Sputnik: What's your take with regard to this current news, it's obviously a historic moment in the country's history, isn't it?
Neophytos Loizides: It is a historic moment, it's a historic moment for the region, we're not very used to peace processes, agreements, reconciliation succeeding in the Balkans. I think the bottom line is that two countries who have a very long historic identity conflict have found a way to start talking about it and found a way to start thinking about the future instead of the past.
Sputnik: How much support within the Albanian community does this particular change of name have? Is there any indifference towards the changing of the name? What's the current situation?
Neophytos Loizides: The two main political parties representing the Albanians were in favor. Historically the Albanians were not so preoccupied with the name issue. It's mostly between what we usually refer to in the historiography as the Slav Macedonians and the Greek Macedonians that have the main conflict. The Albanian Macedonians were comfortable being called Albanian Macedonians, so it was a question between the ethnic Slav Macedonians versus the Greek Macedonians.
In terms of the referendum, most of the data have shown that the support among Albanians, their participation in the referendum was around 40%. It showed that a lot of people didn't vote simply because of indifference. The normal orientation among Albanians is: let's decide to resolve this issue because that would allow us to join the European Union, we're going to have more opportunities to migrate to Europe with if we want to, we're going to have financial aid.
So they were in favor in principal in terms of their representatives, and those who are representing them in the parliament also voted in favor of the constitutional change. The question, though, is whether this will essentially stay between the two main parties who are involved in the negotiations; that is the Greek Macedonians who claim their heritage from the province, versus the ethic Slav Macedonians who think that the name Macedonia belongs to them because of cultural reasons and because of the right to name themselves the way they prefer to.
Sputnik: Can you explain to us a little bit about the significance this decision has for Greece?
Neophytos Loizides: For Greece it is very important; it resolves a long-standing dispute, it allows Greece to turn the page and present itself as a peacemaker in the Balkans, the Greek geopolitical position becomes more valuable within the European Union.
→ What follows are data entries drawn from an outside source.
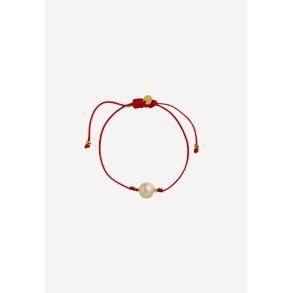 Big Pearl Berrie armbnd - Red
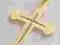 KRZYŻYK GRAWEROWANY ZE ZŁOTA PRÓBY 585 - 14 KARAT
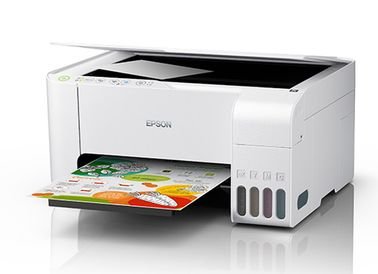 Epson L3156 All-in-One Printer, Colored, Wi-Fi, White Color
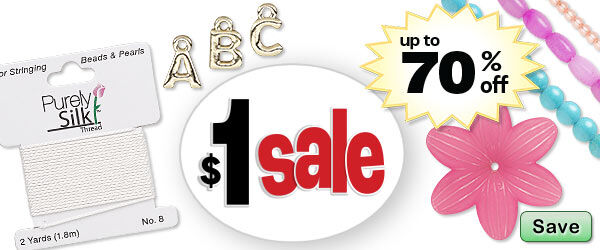 Save on our One Dollar Sale with discounts up to 70% off.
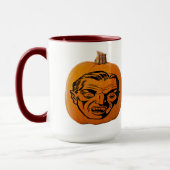 Mug Jack O'Lantern Vampire Face Halloween Citrouille (Gauche)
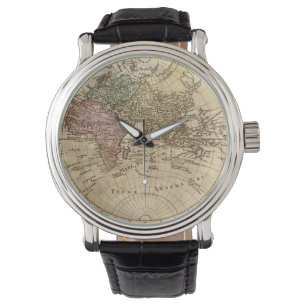 Pulsera Reloj del vintage de los hombres de Mappa Mundi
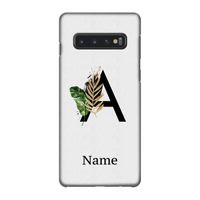 Charcoal Flora: Samsung Galaxy S10 4G Volledig Geprint Hoesje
A lot of people would see this conflict as antagonistic between the West and East, between European Union and Russia. I don't agree necessarily with this dimension, I think it's important for two countries to come to resolve this dispute.
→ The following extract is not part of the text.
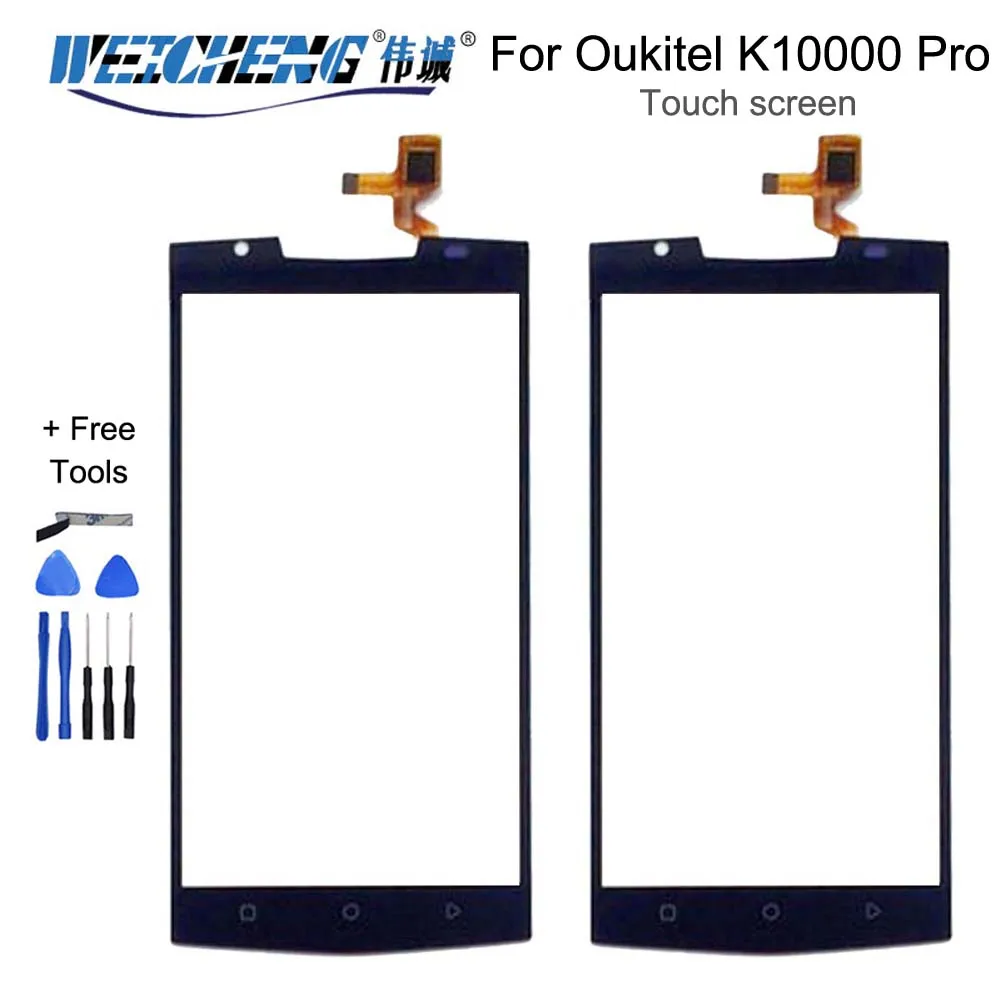 WEICHENG Oukitel K10000 Pro сенсорный экран 100% гарантия стеклянная панель дигитайзер для Touch +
It's not so much about geopolitics, and I think that the geopolitical aspect was slightly exaggerated in most analysis that have been made so far. I think it was a peace process driven by two (groups of) leaders; the leaders of Greece and the leaders of Northern Macedonia and essentially we ended up having something that was born out of the region successfully and for the benefit of everybody.
Sputnik: There's a lot of commentators who are making assessments for how long it could take before Macedonia's bid to join NATO and the European Union are accepted following the name change, what are your particular thoughts on that specific question?
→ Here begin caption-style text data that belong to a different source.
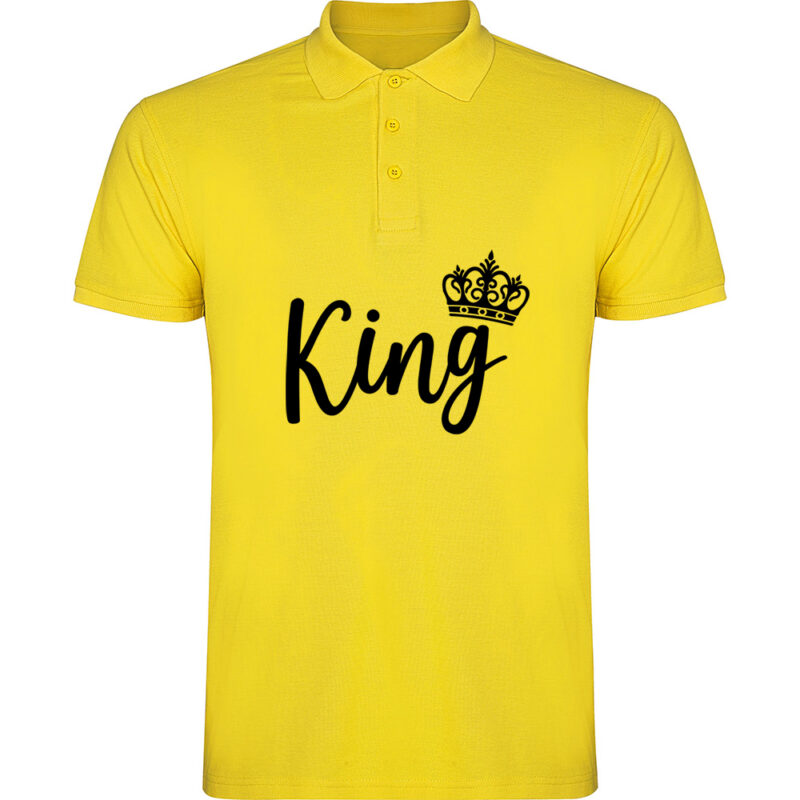 Tricou polo King, Galben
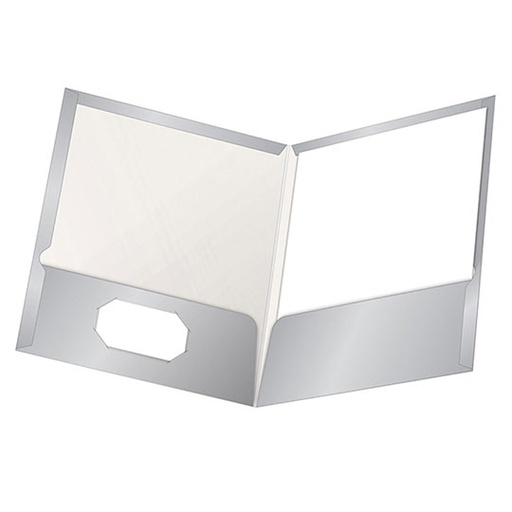 [ESS-FOL-51705] Folder Showfolio Laminado Oxford Carta Color Gris Caja Con 25 Pzas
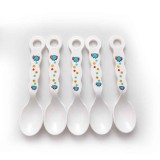 Gyermek evőeszköz készlet-Műanyag kanál készlet 5 db-os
Neophytos Loizides: Yeah, people a betting on when the arrangement, the final arrangements will be made. My expectation is sometime around January, but as you have seen from the vote, in the parliament we have a very marginal support for the constitutional amendment. A single MP or two MPs might be able to derail the whole process, so it is very fragile on the North Macedonian side.
Sputnik: An interesting question with regard to the actual turnout of the voters, why did the Macedonian government decide to go ahead with constitutional change given and despite the fact that the earlier vote didn't get the necessary turnout of voters? It seems strange that the actual Macedonian public didn't want to actually turnout in volumes to actually put their point of view with regard to this vote, have you got a point of view on that as well?
Neophytos Loizides: Exactly, it's very confusing, my bottom line is, as a social scientist, a political scientist, especially somebody coming from the UK, referendums are not very good decision mechanisms; they rarely give what most people would expect as a result, but more fundamentally I think the long-term interest of the country, of North Macedonia, will be served by this agreement, that's number one.
The second is that the referendum was slightly inconclusive because it had more than 90% 'yes' support but then, as you have said, it didn't meet the 50% requirement to be valid, and what might happen in the meantime is probably new elections, where we might be able to see a renewed mandate or I believe that if those opposing the agreement feel that they're not consistent with decisions to change the constitution, not consistent with the will of the people, they can also themselves initiate a referendum and this time it will be binding, the only difference is that the 'yes' vote will abstain, so it will be the reversal of the constitutional rules, this time around.